Use binary search on the minimal edge weight:
Assume your search interval is [m, M]
. For a set value L = (m + M) / 2
, use BFS or DFS to find a path from source
to destination
such that all edges have weight >= L
. If you can do this, set m = L + 1
and repeat the search. If you cannot do this, set M = L - 1
and repeat the search.
This will be O((edges + nodes) log maxEdgeWeight)
. Should be very fast for your small number of nodes.
Note that there is a way to do it without the log factor as well, by using the ideas of Dijkstra's algorithm and counting sort.
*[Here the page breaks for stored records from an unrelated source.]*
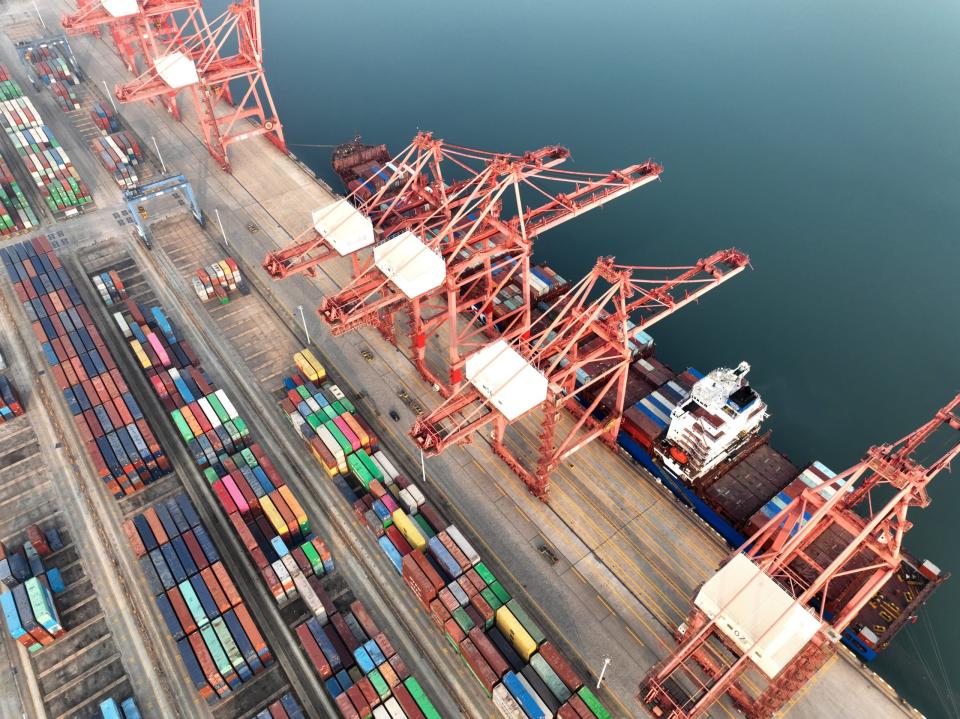 Seefrachtschiffe be- und entladen Fracht am Terminal der Port Orient Company in Lianyungang in der ostchinesischen Provinz Jiangsu. - Copyright: picture alliance / CFOTO | CFOTO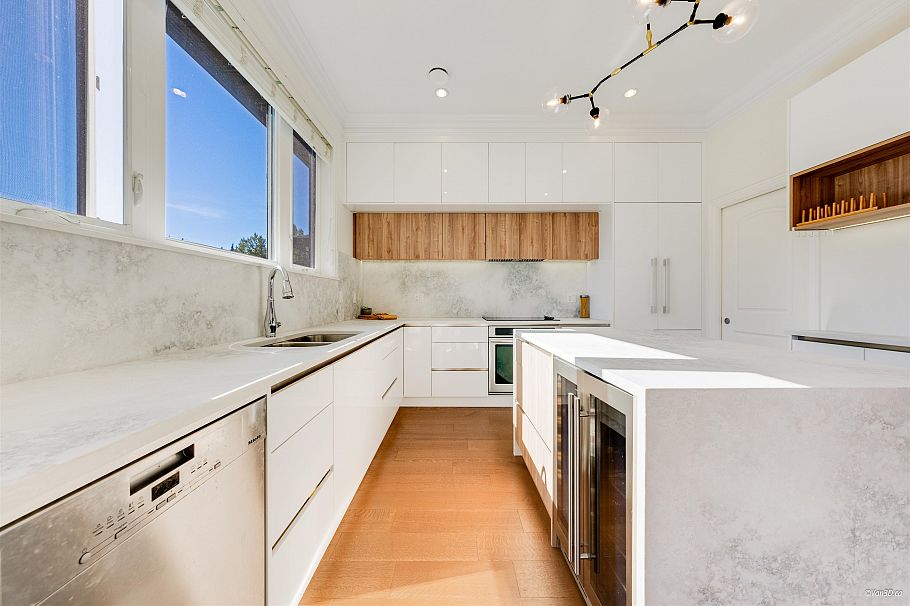 4042 W 20th Avenue Vancouver, BC - 10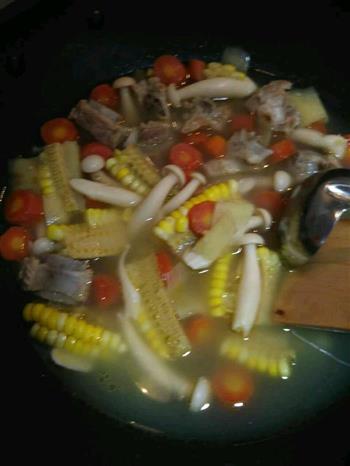 玉米排骨汤的做法图解3
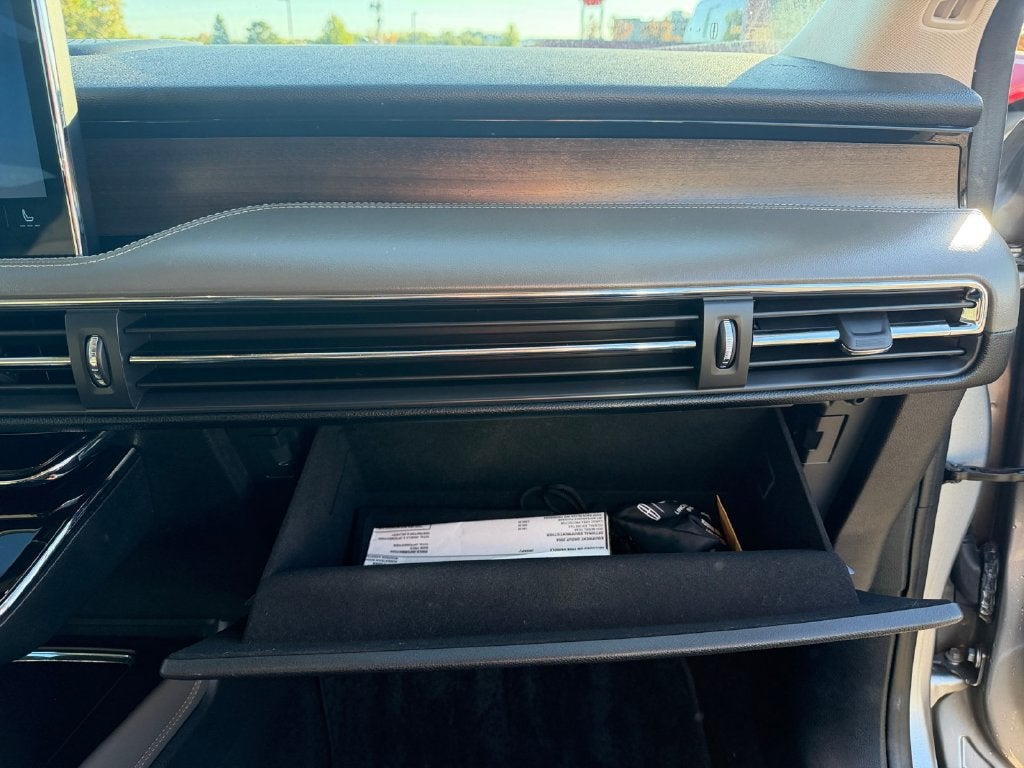 2024 Lincoln Corsair Reserve w/Jet Appearance Pkg
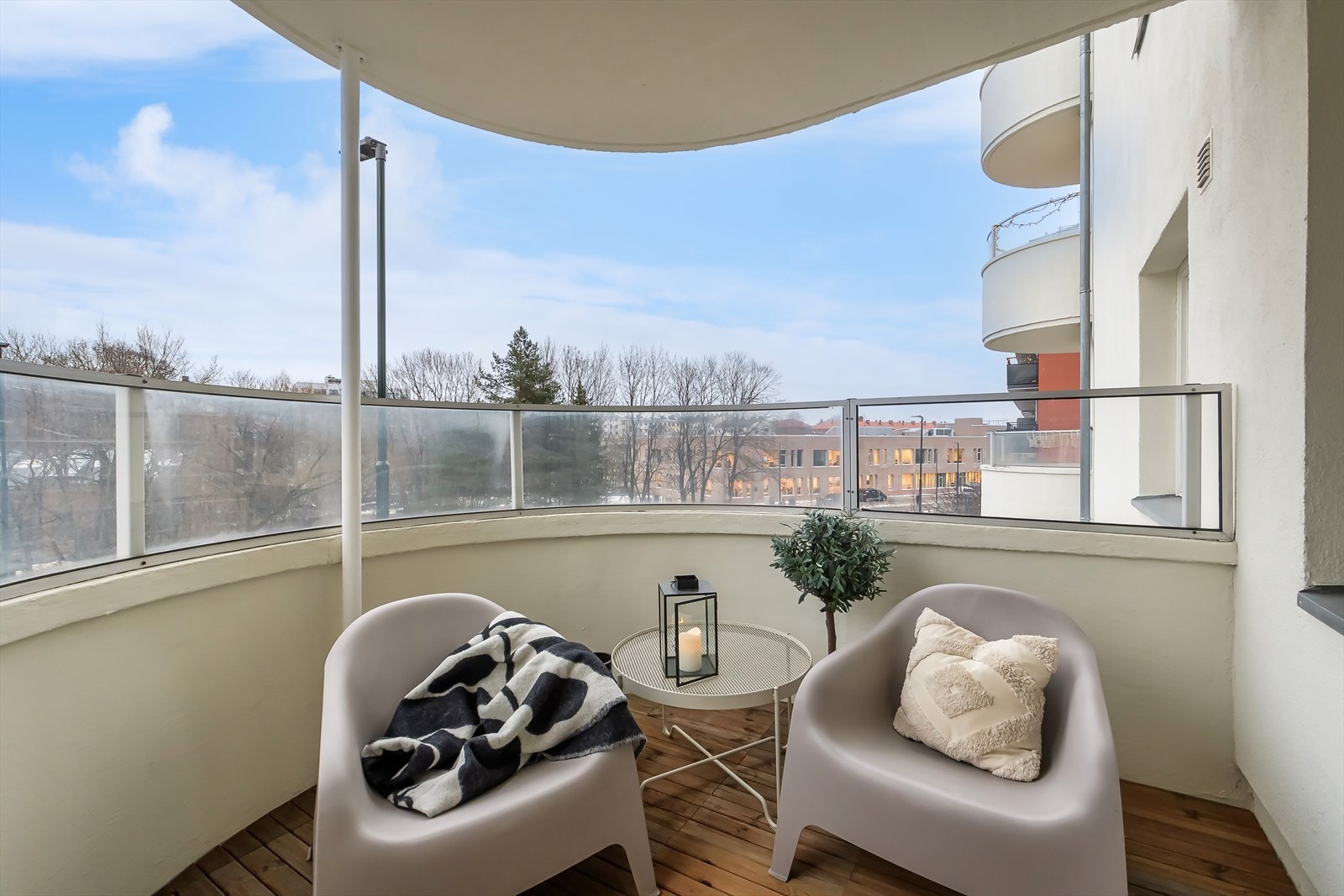 En meget tiltalende 3-roms hjørneleilighet i en høy 1. etasje med balkong og utsikt utover Akerselva Galleribilde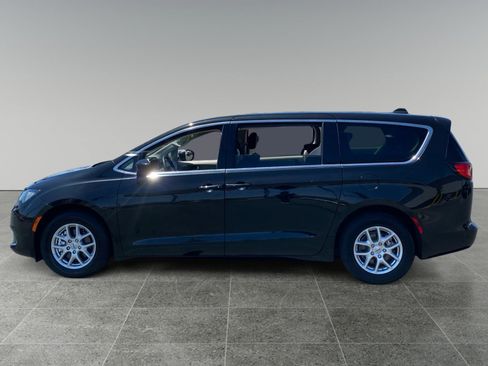 Used 2022 Chrysler Voyager LX FWD image 2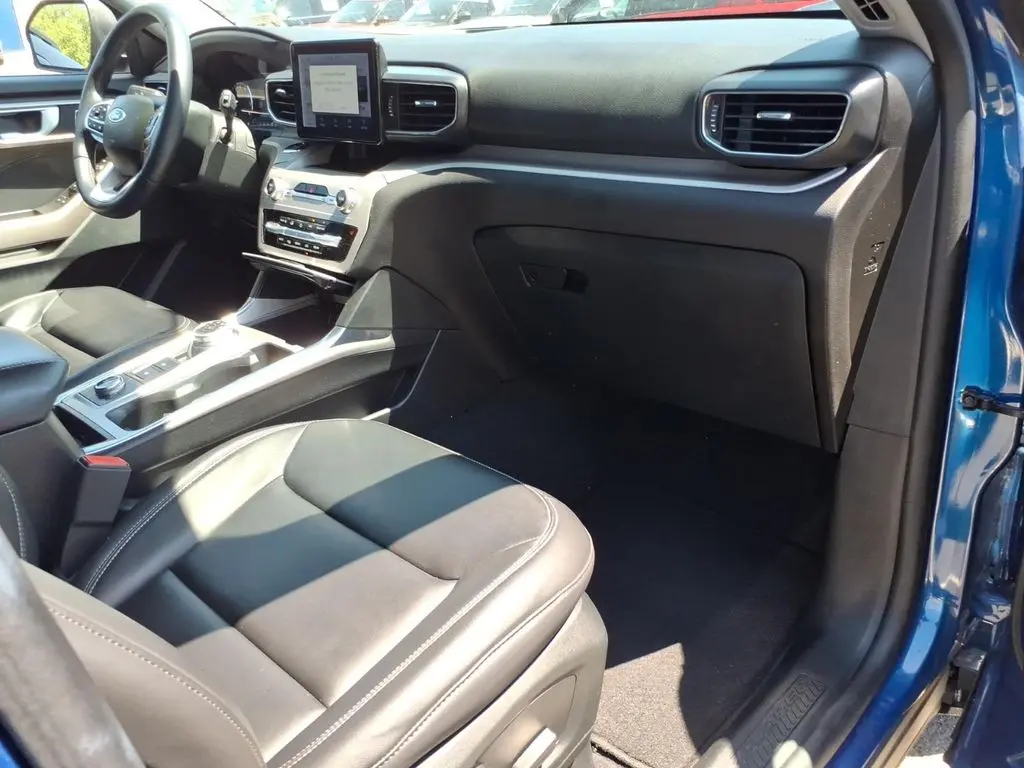 2023 Ford Explorer - $26,890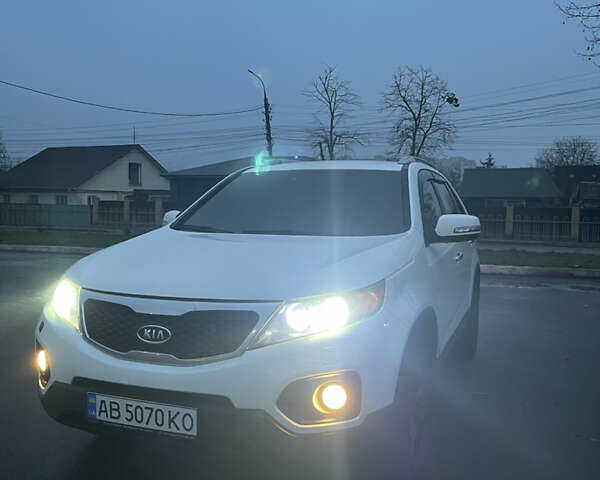 Білий Кіа Соренто, об'ємом двигуна 2.2 л та пробігом 200 тис. км за 13500 $, фото 43 на Automoto.ua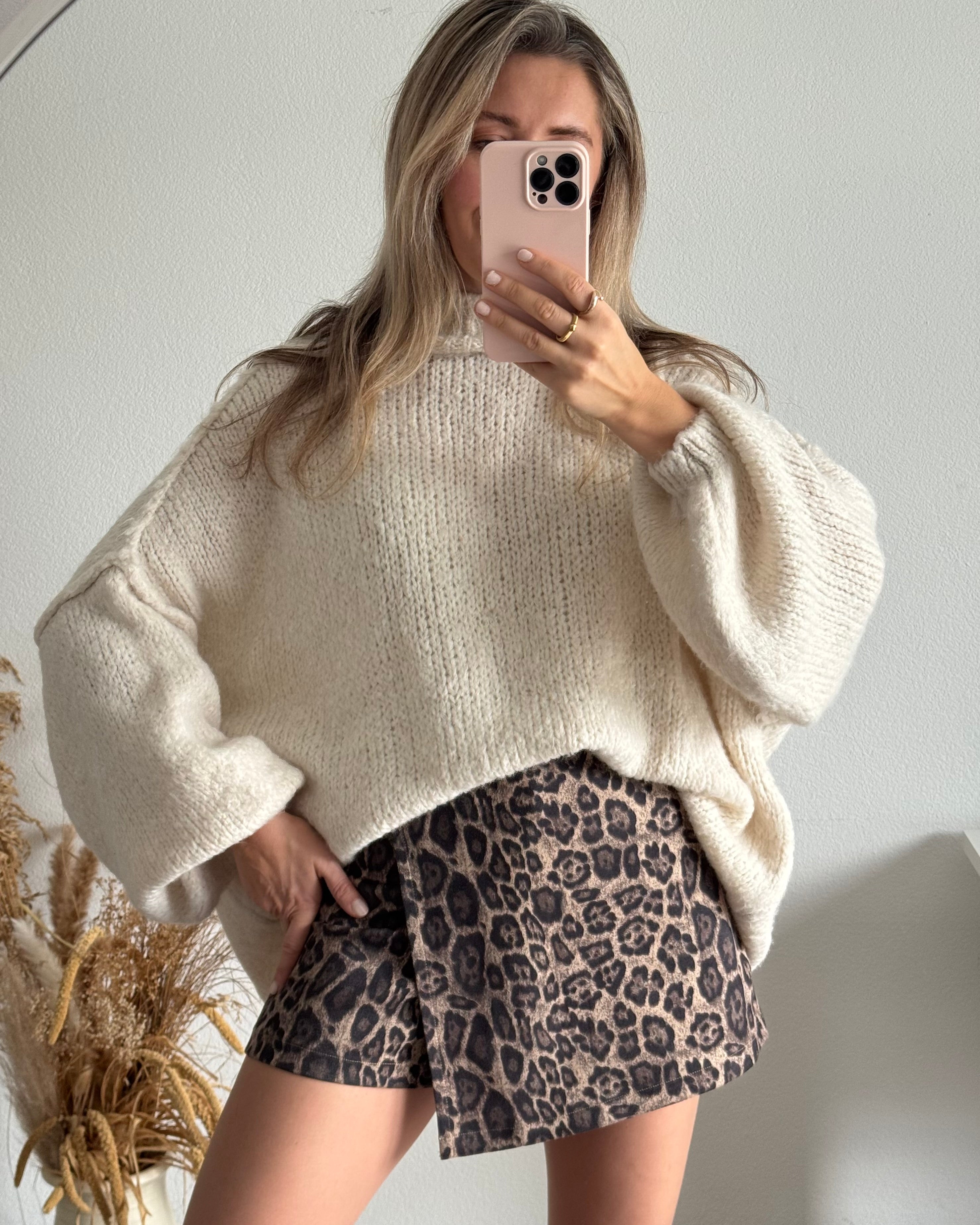 Kuscheliger Oversize Strickpullover Creme (lang)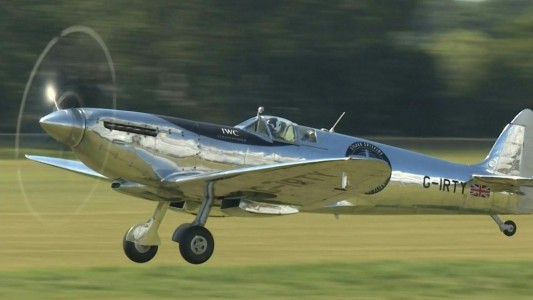 La vuelta al mundo en un avión de la segunda guerra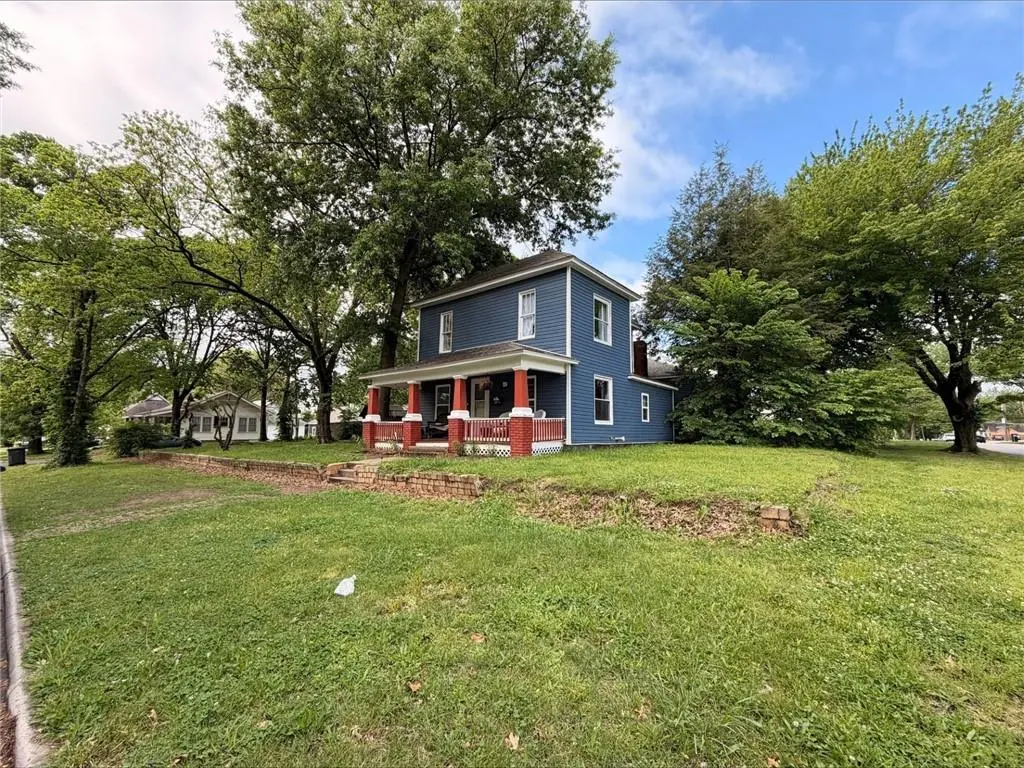 108 E Jefferson ST, Pittsburg, KS 66762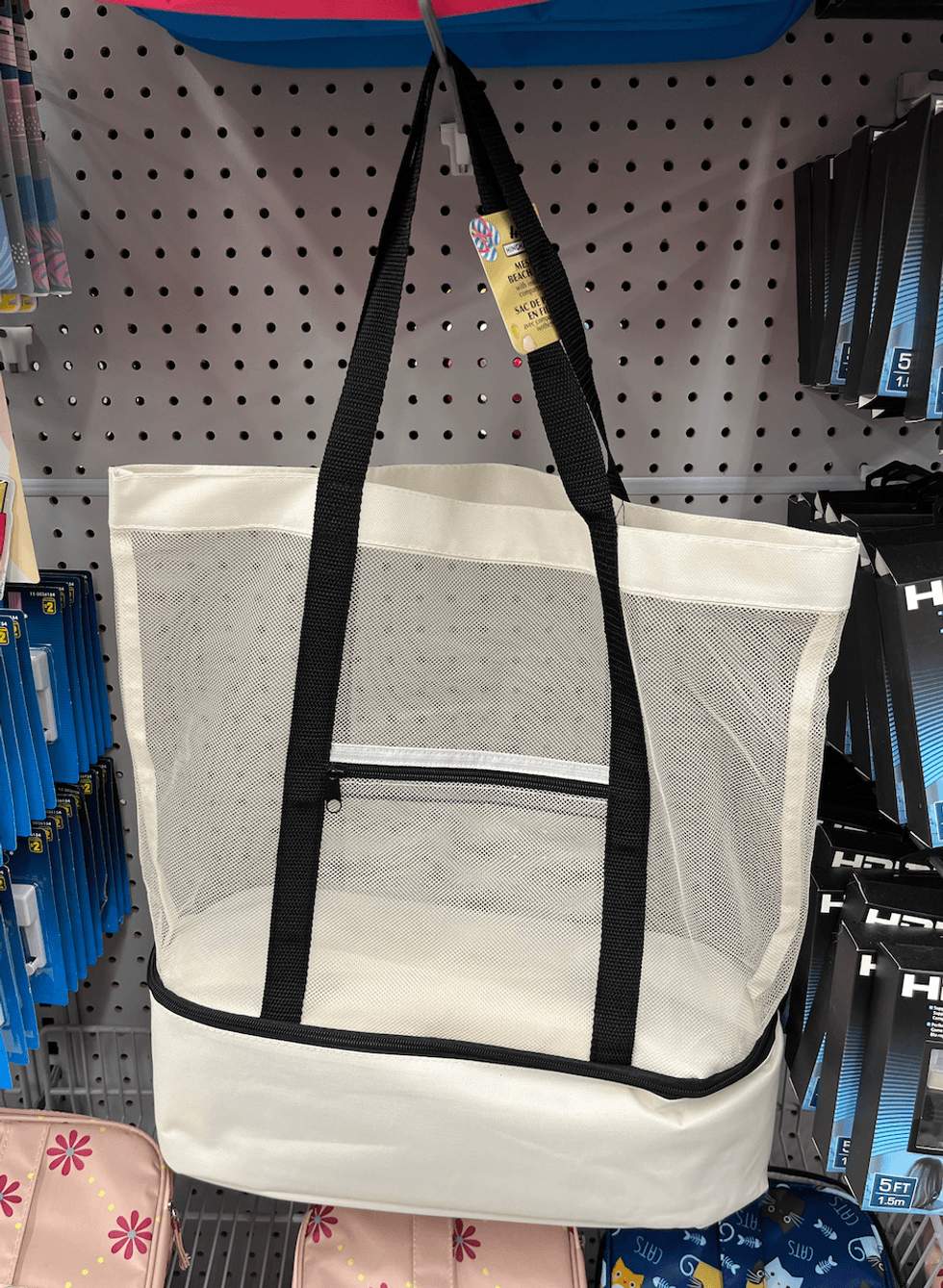 Sac de plage en filet beige sur un crochet dans les rayons du Dollarama.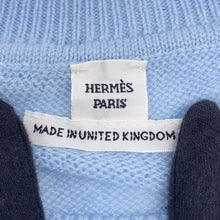 将图像加载到图库查看器中，HERMES Sleeveless knit top with "Lancegne du Sellier" motif. Size 40 Light BlueH6H2664D60234 Cashmere
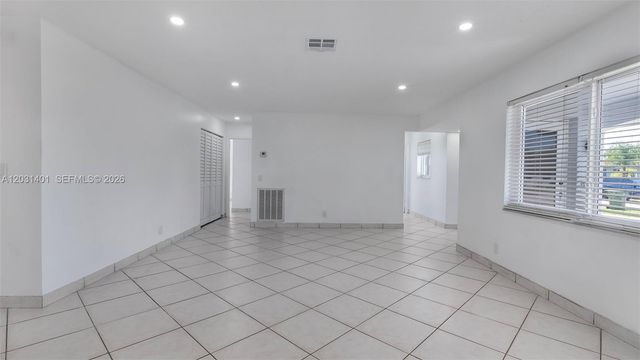 9741 NW 5th St 9741, Pembroke Pines, FL 33024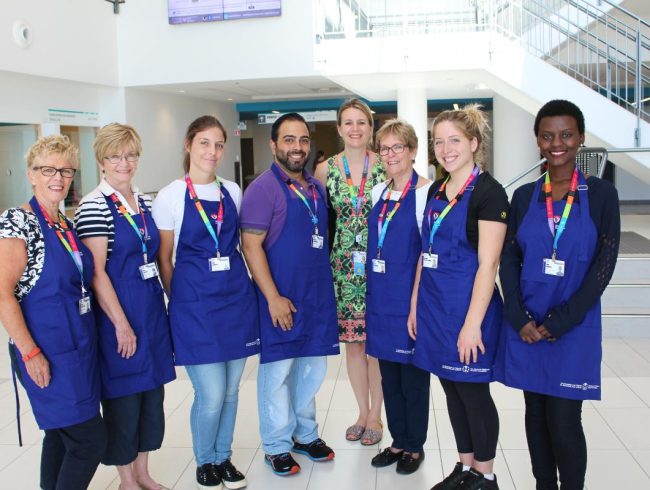 Nouveaux uniformes pour les bénévoles de l&rsquo;Hôpital de Montréal pour enfants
But you definitely do not need this for so few nodes.
Update 1:
Here is how this would work on your example. First of all, your search interval will be [2, 9000]
, since these are your min and max edge weights, respectively.
L = (2 + 9000) / 2 = 4501
=> Find a path from 1 to 8 such that all of its edges have weight >= 4501.
This is not possible, so reduce the search interval to [2, 4500].
L = (2 + 4501) / 2 = 2251
=> Find a path from 1 to 8 such that all of its edges have weight >= 2251.
This is not possible, reduce the search interval to [2, 2250]
L = (2 + 2250) / 2 = 1126
=> Not possible to find a path, reduce to [2, 1125]
L = (2 + 1125) / 2 = 563
=> Not possible, reduce to [2, 562]
L = (2 + 562) / 2 = 282
=> Success! We can find 1 -> 3 -> 5 -> 6 -> 7 -> 8
Mark 282 as the current best answer, and keep searching in [283, 562].
Eventually, you will be left with 283
as the answer, which is what you want. Then just print any path with all edge weights >= 283
(only one in your case).